Não houve tempo para compreender como funcionava a cabeça do serial killer. O que se tem certeza é do nível de envolvimento e planejamento que ele tinha com cada mulher. Horas de observação até encontrar uma brecha para entrar nas casas, algo que ele confirma ser muito fácil, “pois as pessoas tem a falsa sensação de segurança e esquecem de acionar seus alarmes.”
Mas vamos falar da parte boa. Gibson era uma profissional foda, sem deixar de ser feminina e sexual.
Ela se veste com muito bom gosto – sem tentar ser masculina – inclusive usando salto alto quando está afim. O fato de ter boa autoestima (algo que precisa ser cultivado), revela um cuidado consigo mesma, confirmando a teoria desse amor próprio, também, na vida sexual.
Mas o que o desejo da detetive tem a ver com a história? Exatamente nada. Porque assim, o serial killer não transava com nenhuma das mulheres que ele matava. Ele sentia prazer em observar, capturar e matar. Mas, como temos outros homens nessa história, o machismo se apresenta.
Stella é uma mulher bonita, com requinte e que sabe o que quer. Afinal, ela se conhece muito bem.
Vamos lá. O que acontece quando uma pessoa quer transar? Ela procura por outra pessoa que também tenha interesse e, se houver desejo mutuo, há a possibilidade de se compartilhar esta vibe. Fim.
Só que ainda não.
Quando se é uma mulher, outras são as variáveis. Quem será a outra pessoa é muito importante, porque vai que seja alguém que não respeita o outro? Que usa o evento pra provar aos demais sua sexualidade e poder? Vamos lembrar que há quem acredite ter sempre o dominante e o dominado nesses casos.

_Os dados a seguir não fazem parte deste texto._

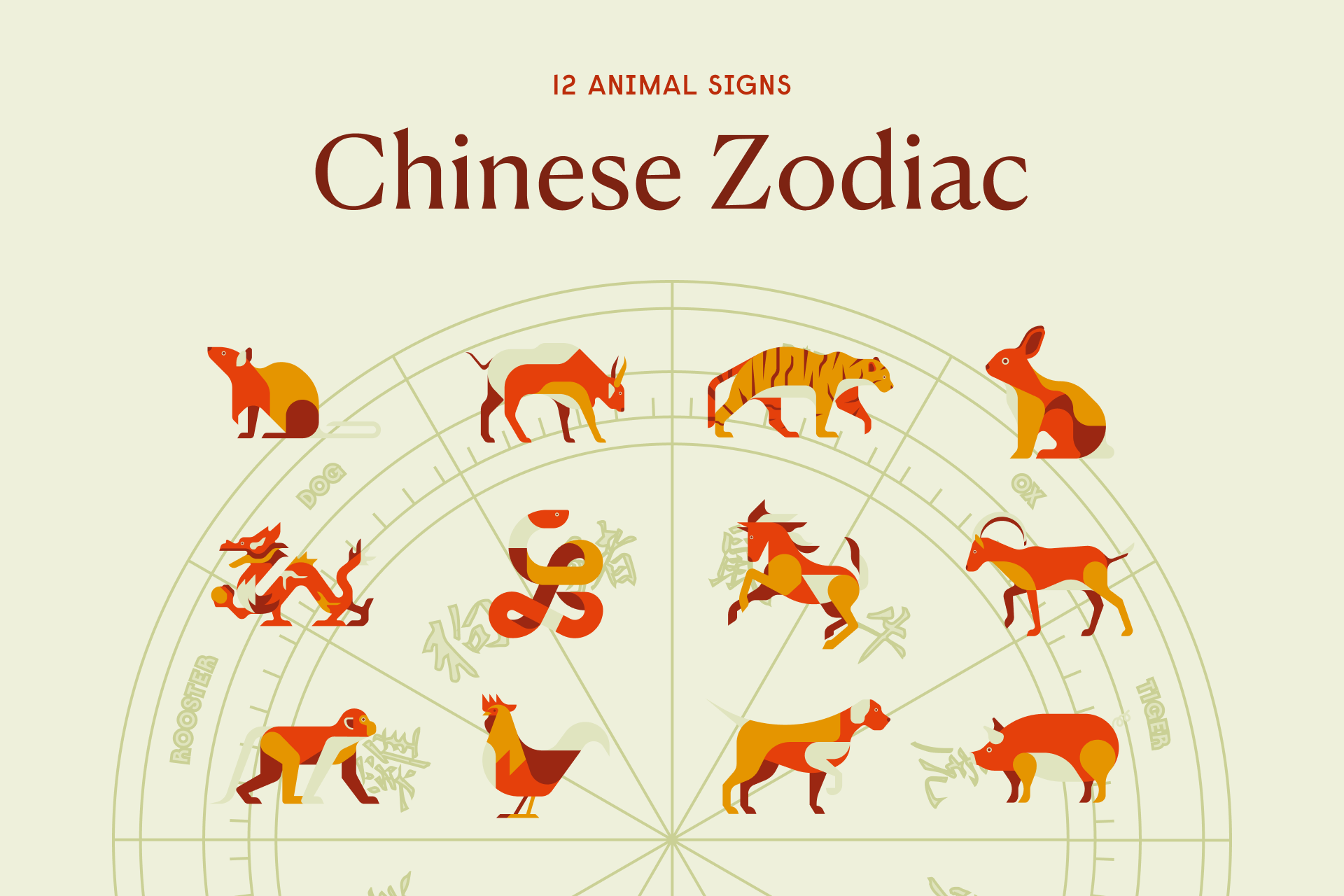Every Chinese Zodiac Sign From 1900 2031 Years Chart Elements 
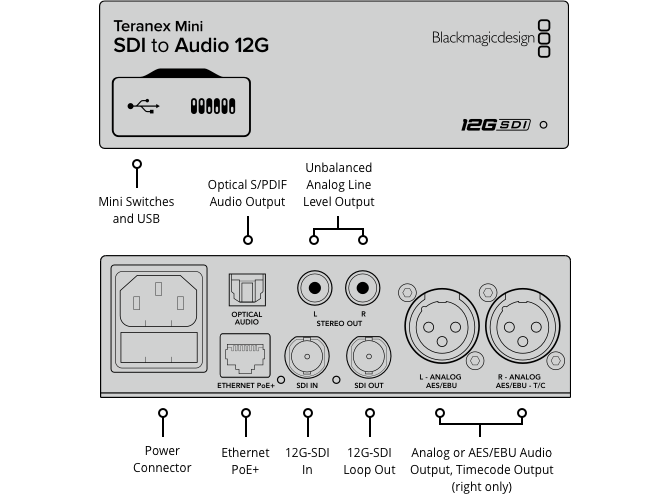 Teranex Mini SDI to Audio 12G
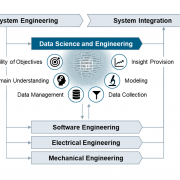 Data Science in Engineering Process - Product Lifecycle Management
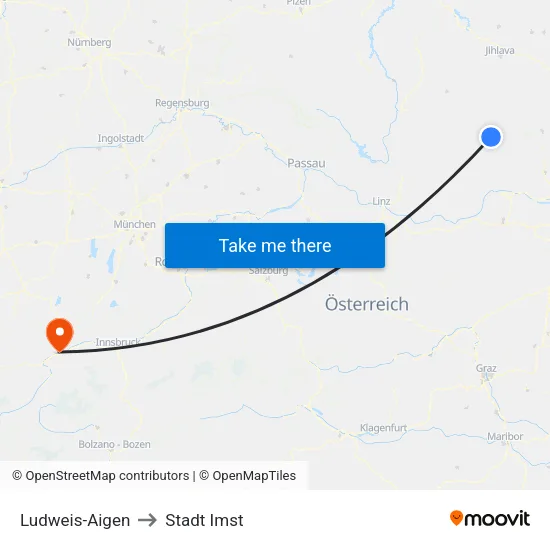 Ludweis-Aigen to Stadt Imst map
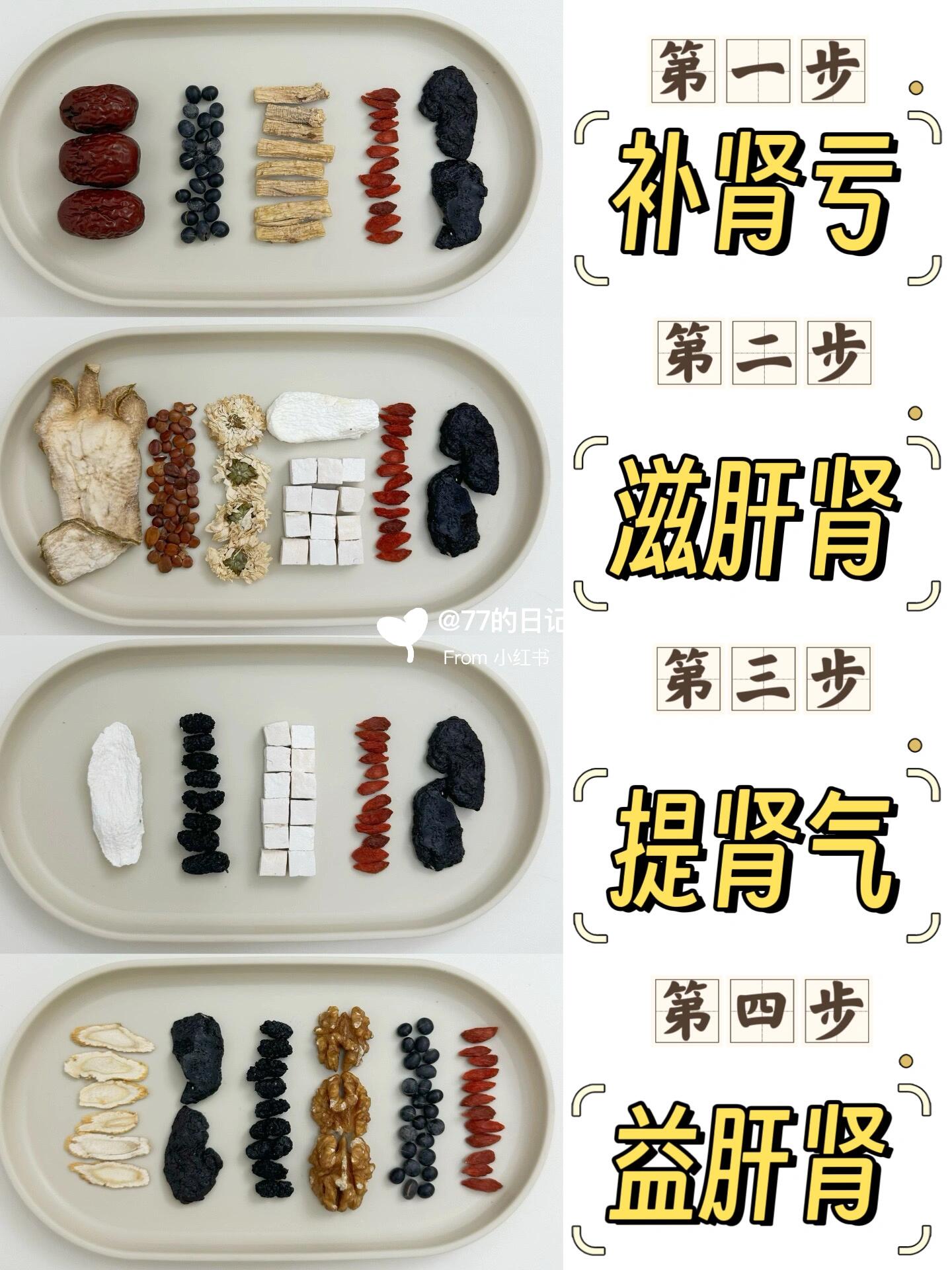 肾不好吃什么药补肾最好中药配方的简单介绍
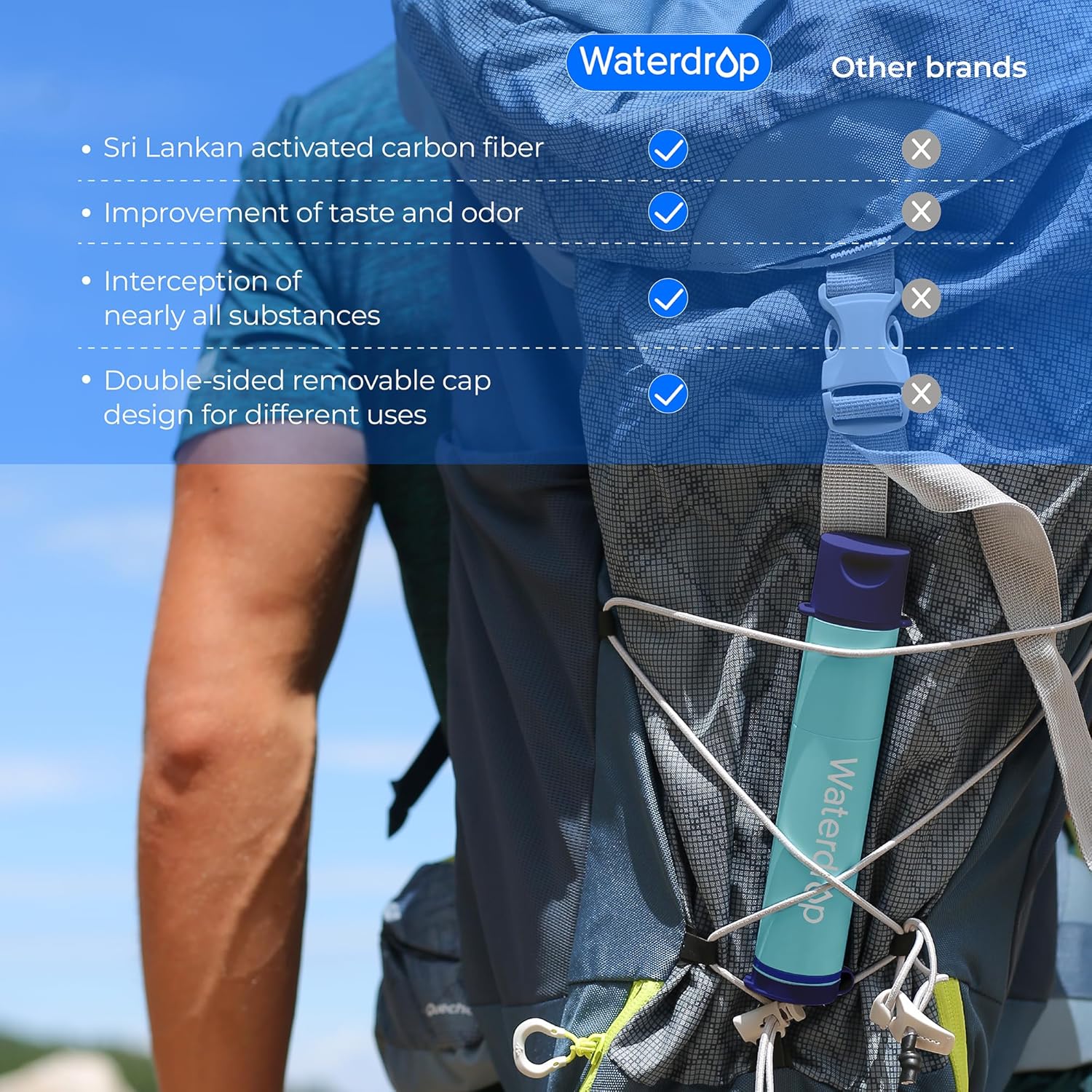 Waterdrop Wasserfilter für den Außenbereich – entfernt 99,99 % aller Bakterien, Wasserfilter, Outdoor-Survival-Wasserfilter, Camping-Filtersystem mit Schwerkraft – Wasserbeutel für Notfälle, Wandern, Reisen – Bild 3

Muito bem, Gibson estava afim de transar e acabou transando algumas vezes com seu chefe, em um momento no passado, antes do reencontro para resolver o novo caso nomeado “Musicista” — definitivamente criatividade não fazia parte da vida policial.
Pois bem, eles estão juntos em Belfast para desvendar um crime e, como eles tinham um histórico carnal, isso dava ao atual boss o direito de comê-la quando ele quisesse. Simples assim.
Eu não sei onde essa regra foi construída ou quem disse que ela existia, mas assim, as pessoas só transam quando elas estão afim. O fato de já ter havido intercurso não dá direito vitalício ao corpo alheio.
Tudo esclarecido, Burns — policial chefe — entende depois de longas conversas que o corpo é D E L A e E L A não transa com quem ela não quiser. Mas, aparentemente, não fica claro que não existe posse sobre o corpo de quem tu já transou (ou de qualquer outra pessoa).
Um novo policial entra para a equipe e Gibson se interessa pelo seu corpinho. E a casa cai! De onde vem a cobrança? Vamos ver se tu adivinha. Do machistinha que foi trocado! Como os homens sofrem nessa vida, minha deusa.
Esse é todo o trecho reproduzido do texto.